When you roast them, their bitterness is almost candied but they still retain a sourly cheek sucking pinch, so when you spoon them around your bowl, they infuse the stew with an intense. honeyed tang.
I became obsessed with this sprightly character of a bowl when I was giving my cupboards a go-through when my vegan friend came over one day, and was something I could calmly pull together while she sat on my kitchen countertop and put the world to rights with a glass of wine.
But then she reminded me that honey is not vegan so, I pivoted and made a version of this using 100% maple syrup in place of the honey and found it equally as good, so this can easily be made vegan for those who need it.
However, if you can’t be bothered to go down the roast lemon route, you could just squeeze a little lemon juice into the stew at the end. It will taste sharper than the inclusion of the roast lemons, but it’s a welcome tang rather than an invasion.
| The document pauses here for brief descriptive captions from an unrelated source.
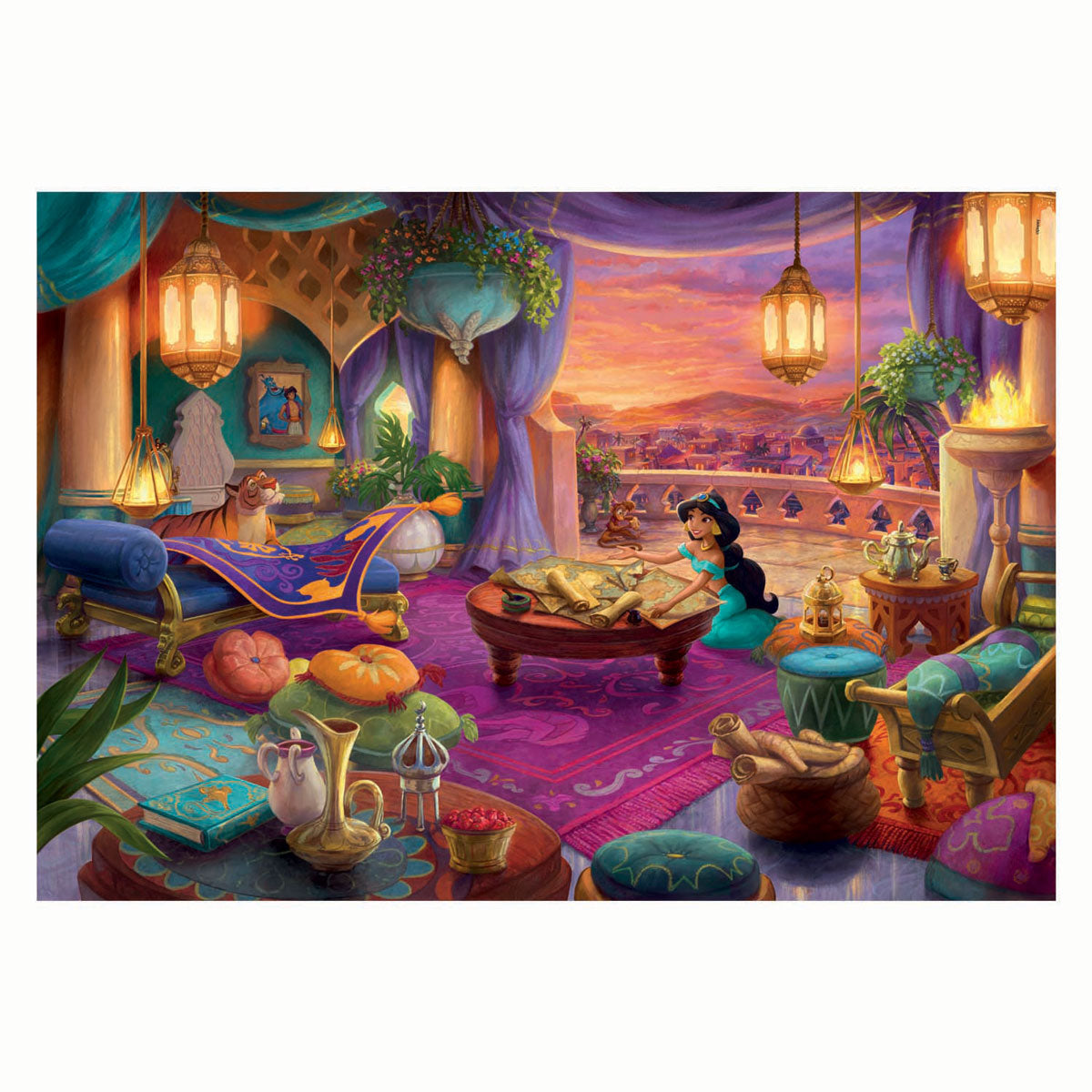 Clementoni - puzzel - jasmine - disney princess - ever after collectie - 500 stukjes - vanaf 14 jaar
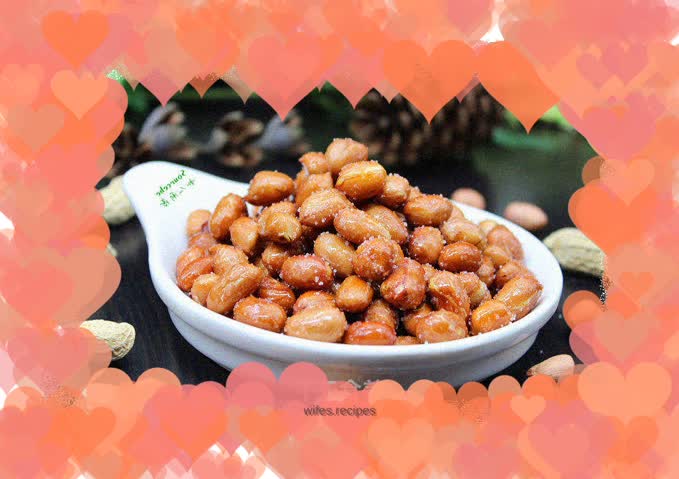 Salt and pepper peanuts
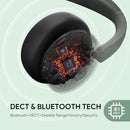 YEALINK WH64 HYBRID DECT AND BLUETOOTH WIRELESS HEADSET - BLACK - Like New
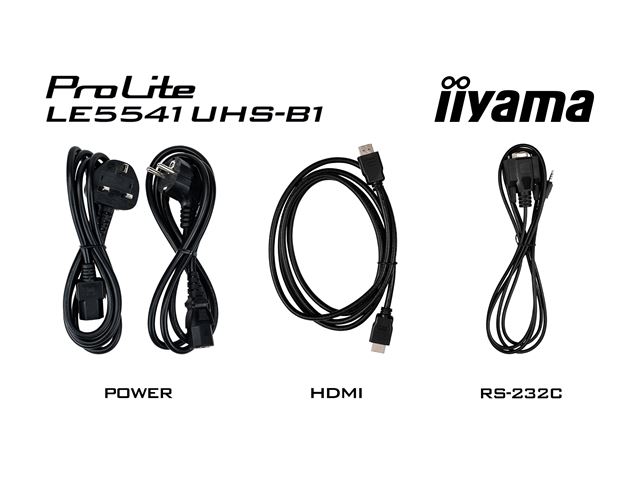 iiyama ProLite monitor LE5541UHS-B1 55" , IPS, 4K UHD, 18/7, 10W Speakers, Landscape, Lan control image 12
But if you want to go full-throttle lemon but not roast them, you could finely chop some preserved lemons instead and add them to the stew instead.
Serves 4 – 6
1 lemon
2 tablespoons olive oil
1 courgette
1 clove garlic
Enough fresh thyme to give you a teaspoon’s worth
1 x 240g can chickpeas
150g pearl barley
2 litres vegetable stock
2 teaspoons hot English mustard
1 teaspoon honey
150g frozen peas
2 – 3 spring onions
A handful of fresh parsley – chopped
- Preheat the oven to 190°C.
- Slice the lemon into thin slices and lay them flat on the roasting tray. Drizzle with 1 tablespoon of the olive oil and sprinkle over a generous amount of salt. Leave to one side while you start on your stew.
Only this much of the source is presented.